(Excerpts from a dataset)
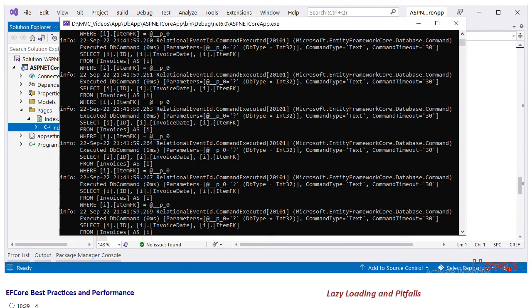Because whenever the property invoices is accessed, each time the for each loop runs, a fresh request to the database goes. This might not be desirable. This can seriously hamper performance.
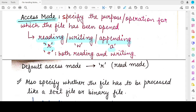To read, there is only a single option. Now there is also the plus sign access mode, which specifies that you are opening a file both for reading as well as for writing.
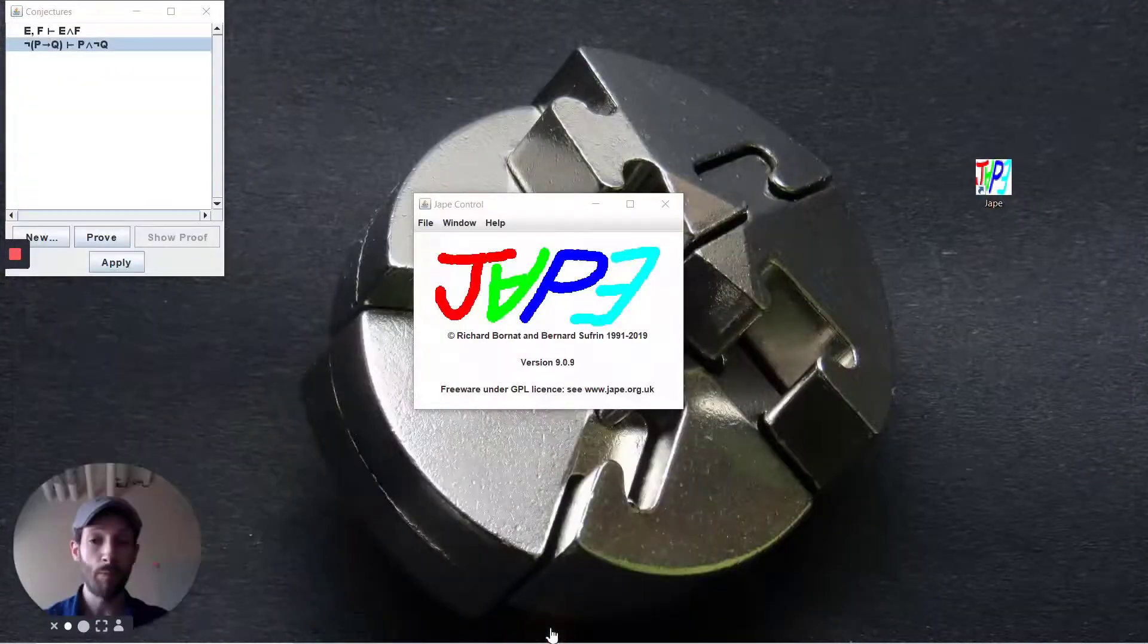So we're going to take a look at a little more of a complicated proof. Now this should correspond to one of the ones that you saw Professor Ellis do on the lightboards, but through JAPE it takes a little bit of finesse as well. So this is covering different strategies of proof by contradiction, and we need to employ a few different ideas here in order to complete the full thing.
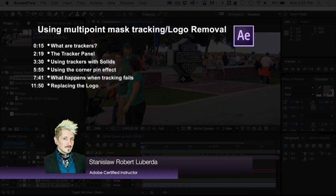My name is Stanislav Robert Liberto with AV-Ultra and today we're going to be talking about using the multi-point mass tracker for logo removal in After Effects.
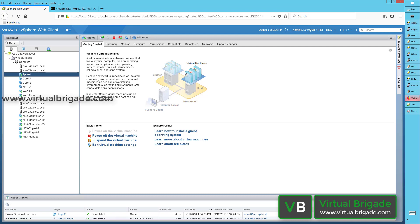Hi everyone, welcome to virtualbrigade.com. In my previous video, I explained how to create the logical switch and I explained about the replication modes. I also created the logical switches and connected my vSphere virtual machines to the logical switches.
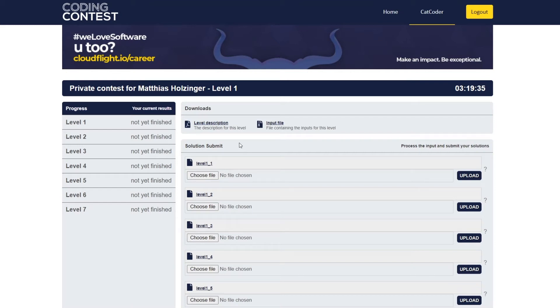Hello and welcome to the CAD Coder. Today I will show you our submission system. Of course not for the current contest, but submitting will work just like in the real one.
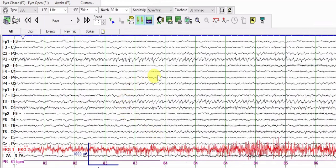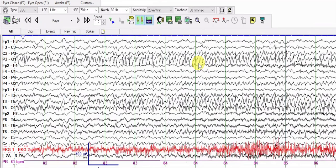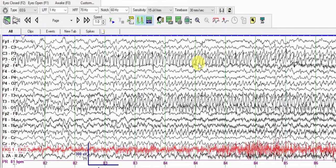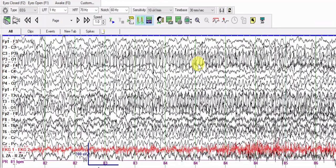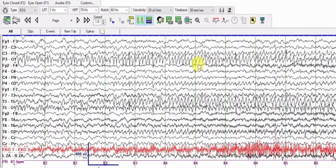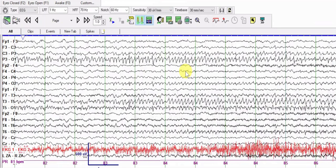At 50 microvolts per millimeter this just looks like an asymmetric background, but at 7 microvolts per millimeter you realize it is a seizure. Even at 10, 15, and 20 microvolts per millimeter it is quite prominent and quite impressive.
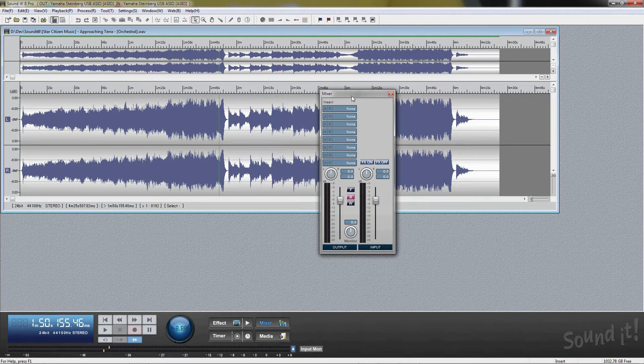Processing effects. Soundit 8 Pro bundles 49 high-quality VST plugins, supporting third-party VST2, VST3, Mac version, and AU plugins.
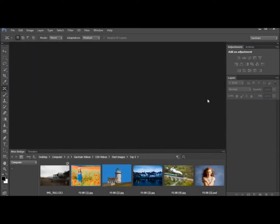Hello, I'm Gavin Hoey from gavtrain.com and you're watching my top five favourite new features of Photoshop CS6 Beta.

__What you should do__
Nothing but the lines from the first line of the data above through the line holding "Processing effects. Soundit" may appear in the response, copied exactly and without pictures.

__Answer below__
Because whenever the property invoices is accessed, each time the for each loop runs, a fresh request to the database goes. This might not be desirable. This can seriously hamper performance.
To read, there is only a single option. Now there is also the plus sign access mode, which specifies that you are opening a file both for reading as well as for writing.
So we're going to take a look at a little more of a complicated proof. Now this should correspond to one of the ones that you saw Professor Ellis do on the lightboards, but through JAPE it takes a little bit of finesse as well. So this is covering different strategies of proof by contradiction, and we need to employ a few different ideas here in order to complete the full thing.
My name is Stanislav Robert Liberto with AV-Ultra and today we're going to be talking about using the multi-point mass tracker for logo removal in After Effects.
Hi everyone, welcome to virtualbrigade.com. In my previous video, I explained how to create the logical switch and I explained about the replication modes. I also created the logical switches and connected my vSphere virtual machines to the logical switches.
Hello and welcome to the CAD Coder. Today I will show you our submission system. Of course not for the current contest, but submitting will work just like in the real one.
At 50 microvolts per millimeter this just looks like an asymmetric background, but at 7 microvolts per millimeter you realize it is a seizure. Even at 10, 15, and 20 microvolts per millimeter it is quite prominent and quite impressive.
Processing effects. Soundit 8 Pro bundles 49 high-quality VST plugins, supporting third-party VST2, VST3, Mac version, and AU plugins.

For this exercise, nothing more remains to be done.